豊川陀枳尼真天神社の祭神である荼枳尼天(だきにてん)はヒンドゥー教の女鬼(半女神)であるという。

この聞き慣れないネーミングはサンスクリット語(梵語)のダーキニー(Ḍākiṇī)にそのまま漢字を当て嵌めたものである。
さらに日本に伝わり神として祀られることになり荼枳尼に「天」とつけて荼枳尼天となった。

ダーキニーは、インド神話ではカーリーという血と酒と殺戮を好む戦いの女神の眷属とされる。
カーリーとは大黒天女であり、シヴァ神(日本では大黒天)の妻サティーの転生とされる。サティーは慈悲深い美貌の女神であった。

なぜ「血と酒と殺戮を好む戦いの女神」と「慈悲深い美貌の女神」が同じなのかは解らないが、そのカーリーの眷属だから「慈悲深く美しい戦いの女神」ということになるのだろうか(^^;

ダーキニー神
首に髑髏を巻き付けているのが何とも…(^^;

仏教の荼枳尼天は剣と如意宝珠を持っている姿で描かれることが多く、中世には密教立川流でも祀られたという。
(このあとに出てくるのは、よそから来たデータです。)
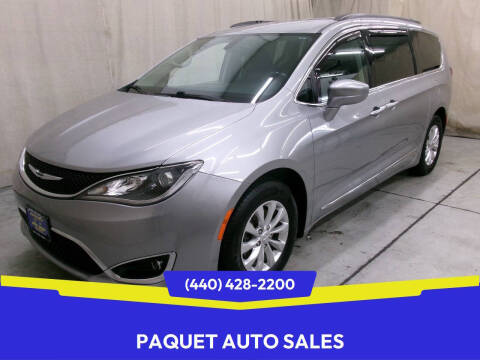 2017 Chrysler Pacifica Touring-L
荼枳尼天は狐に乗るとされることから、日本では狐が稲荷神の眷属ということにからんで稲荷神社と同一視されるのである。
そうしたことから豊川陀枳尼真天神社とは豊川稲荷神社と同一と見てよいのだろう。

真言密教と関係深く、戦国時代は城の鎮守稲荷としても祀られることが多かった。
また寺院の鎮守稲荷として荼枳尼天を祀ることが多いことから、すぐ上にある観音寺の鎮守であったのではなかろうか。

現在、豊川陀枳尼真天神社と観音寺、諏訪八幡神社の間には大正七年に県道が新設されて分断されてしまった。
あるいはこの時に若干社地も移動されているのかもしれない。